Finally, we have certainty: After months and months of negotiations, hope, disappointments and lots of discussions, Germany has a new government! But what does this mean for the German climate politics? The green party „Die Grünen“ was not able to join the government after the surprising drop-out of the FDP (free democratic party) and the subsequent failure of the so-called Jamaika-Coalition. The participating parties, CDU, CSU and SPD (Germany’s large parties), are not known for caring a lot about environmental issues. So, let’s have a look into the coalition papers, and see what they agreed upon in terms of climate policies:
Climate targets – a goal without hope?
The grand coalition states they acknowledge the Paris agreement and will make an effort to reach the 2020, 230 and 2050 targets and restrict the global warming to well below 2°C. That means, Germany will have to achieve greenhouse gas neutrality until the middle of this century and a coal phase out till 2030. And even though these points are explicitly mentioned in the contract, there is no clear statement how this shall be accomplished.

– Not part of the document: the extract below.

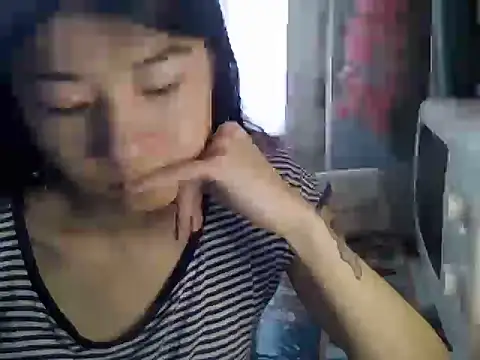 Snapshot of CarlyJoy chatting on 05.31.26 CarlyJoy online show from 05.31.26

Thus, Germany will lose precious time and will accordingly set a poor example for the next climate negotiations in Poland. A target-oriented and well-defined acting of industrialized countries will be crucial for a positive outcome, as developing countries are calling for more action from the big global players.
Additionally, the parties stoically accept the fact that Germany`s 2020 targets won’t be met. Instead, they give assurance that every effort will be made to meet the 2030 targets. Considering the urgent call for pre-2020 actions (i.e. immediate actions, not some plans to do something somewhen) at the COP23 last year, this seems to be a slap in the face of all the people already suffering from climatic impacts.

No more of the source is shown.